Last updated: 2022-04-22
Checks: 7 0
Knit directory: muse/
This reproducible R Markdown analysis was created with workflowr (version 1.7.0). The Checks tab describes the reproducibility checks that were applied when the results were created. The Past versions tab lists the development history.
Great! Since the R Markdown file has been committed to the Git repository, you know the exact version of the code that produced these results.
Great job! The global environment was empty. Objects defined in the global environment can affect the analysis in your R Markdown file in unknown ways. For reproduciblity it’s best to always run the code in an empty environment.

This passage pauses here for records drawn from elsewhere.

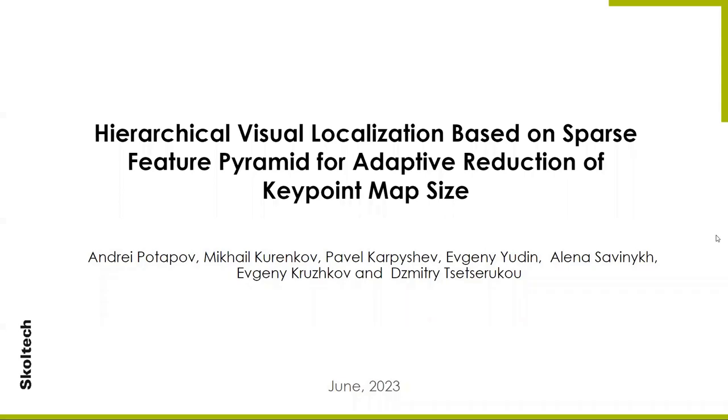Hello, my name is Andrey Potapov. I am from Skolkovo University of Science and Technologies. Today I want to present our work on hierarchical visual localization based on sparse feature pyramid for adaptive reduction of key point map size.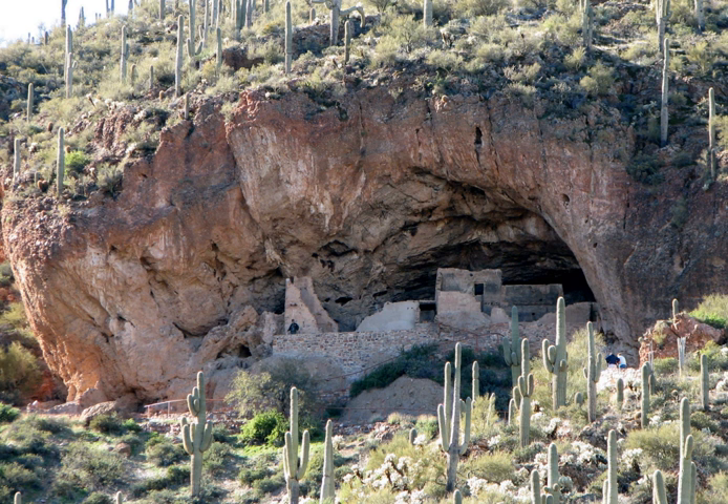Tonto National Monument Lower Ruin and Tonto National Monument Upper Ruin are archaeological sites that were NRHP listed in 1989.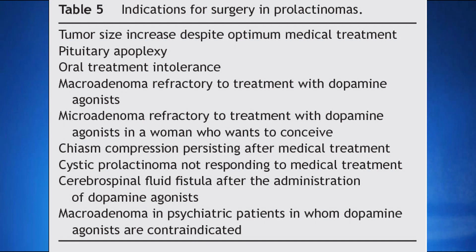However, there are a few conditions where surgical therapy may have to be considered even for prolactinoma. These are the indications for surgery in case of prolactinoma, which will be discussed in detail in one of the upcoming videos.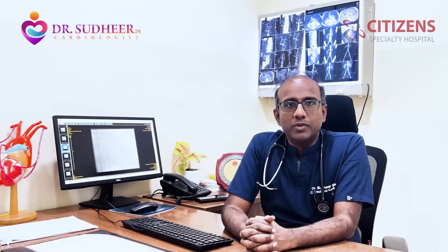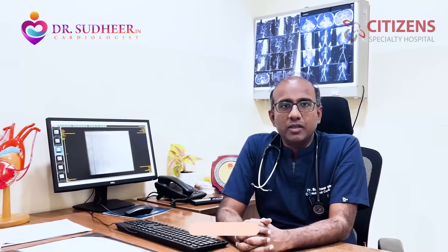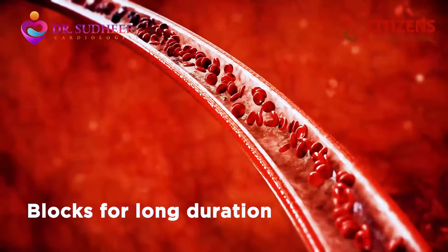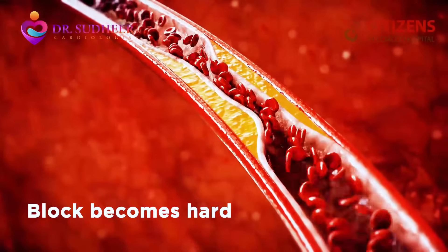The first and foremost of this is something called complex PCI. By that, I mean stenting to heart arteries in complex settings. One such setting is dealing with calcium in the heart arteries. Whenever anybody has got blocks in the heart arteries for a long time, calcium deposits in there and it makes the block really hard.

The command set.seed(20200712)
was run prior to running the code in the R Markdown file. Setting a seed ensures that any results that rely on randomness, e.g. subsampling or permutations, are reproducible.

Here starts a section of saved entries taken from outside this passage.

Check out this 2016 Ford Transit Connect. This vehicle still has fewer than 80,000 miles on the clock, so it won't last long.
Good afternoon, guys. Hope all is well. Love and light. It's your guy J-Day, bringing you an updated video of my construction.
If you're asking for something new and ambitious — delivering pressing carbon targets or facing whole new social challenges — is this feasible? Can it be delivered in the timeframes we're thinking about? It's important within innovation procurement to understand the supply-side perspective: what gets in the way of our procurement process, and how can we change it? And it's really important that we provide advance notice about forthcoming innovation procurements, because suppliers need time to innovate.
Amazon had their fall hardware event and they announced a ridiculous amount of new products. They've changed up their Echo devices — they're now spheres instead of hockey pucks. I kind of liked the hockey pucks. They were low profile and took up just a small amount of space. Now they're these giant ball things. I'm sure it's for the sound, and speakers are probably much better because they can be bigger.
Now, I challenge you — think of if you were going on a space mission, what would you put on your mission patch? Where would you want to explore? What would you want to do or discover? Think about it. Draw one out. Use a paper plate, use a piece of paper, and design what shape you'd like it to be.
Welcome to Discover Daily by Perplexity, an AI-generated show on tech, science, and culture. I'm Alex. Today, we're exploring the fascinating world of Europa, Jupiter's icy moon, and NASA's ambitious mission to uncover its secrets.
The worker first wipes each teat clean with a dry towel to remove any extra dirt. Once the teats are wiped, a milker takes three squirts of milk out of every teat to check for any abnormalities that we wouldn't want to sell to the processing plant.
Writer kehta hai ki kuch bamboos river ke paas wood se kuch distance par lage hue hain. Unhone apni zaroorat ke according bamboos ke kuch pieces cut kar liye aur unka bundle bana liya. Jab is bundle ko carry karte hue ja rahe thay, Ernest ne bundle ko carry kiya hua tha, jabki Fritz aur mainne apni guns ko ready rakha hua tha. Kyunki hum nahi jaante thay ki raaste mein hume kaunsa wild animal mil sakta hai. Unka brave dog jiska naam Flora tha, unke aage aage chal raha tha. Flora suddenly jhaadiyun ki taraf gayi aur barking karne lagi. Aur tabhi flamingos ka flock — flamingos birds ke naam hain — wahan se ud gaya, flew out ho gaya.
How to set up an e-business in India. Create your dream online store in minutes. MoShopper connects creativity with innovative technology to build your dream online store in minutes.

Great job! Recording the operating system, R version, and package versions is critical for reproducibility.
Nice! There were no cached chunks for this analysis, so you can be confident that you successfully produced the results during this run.
Great job! Using relative paths to the files within your workflowr project makes it easier to run your code on other machines.
Great! You are using Git for version control. Tracking code development and connecting the code version to the results is critical for reproducibility.
The results in this page were generated with repository version e372c81. See the Past versions tab to see a history of the changes made to the R Markdown and HTML files.
Note that you need to be careful to ensure that all relevant files for the analysis have been committed to Git prior to generating the results (you can use wflow_publish
or wflow_git_commit
). workflowr only checks the R Markdown file, but you know if there are other scripts or data files that it depends on. Below is the status of the Git repository when the results were generated:
Ignored files:
Ignored: .Rhistory
Ignored: .Rproj.user/
Ignored: r_packages_4.1.2/
Untracked files:
Untracked: analysis/cell_ranger.Rmd
Note that any generated files, e.g. HTML, png, CSS, etc., are not included in this status report because it is ok for generated content to have uncommitted changes.
These are the previous versions of the repository in which changes were made to the R Markdown (analysis/tss_predict.Rmd
) and HTML (docs/tss_predict.html
) files. If you’ve configured a remote Git repository (see ?wflow_git_remote
), click on the hyperlinks in the table below to view the files as they were in that past version.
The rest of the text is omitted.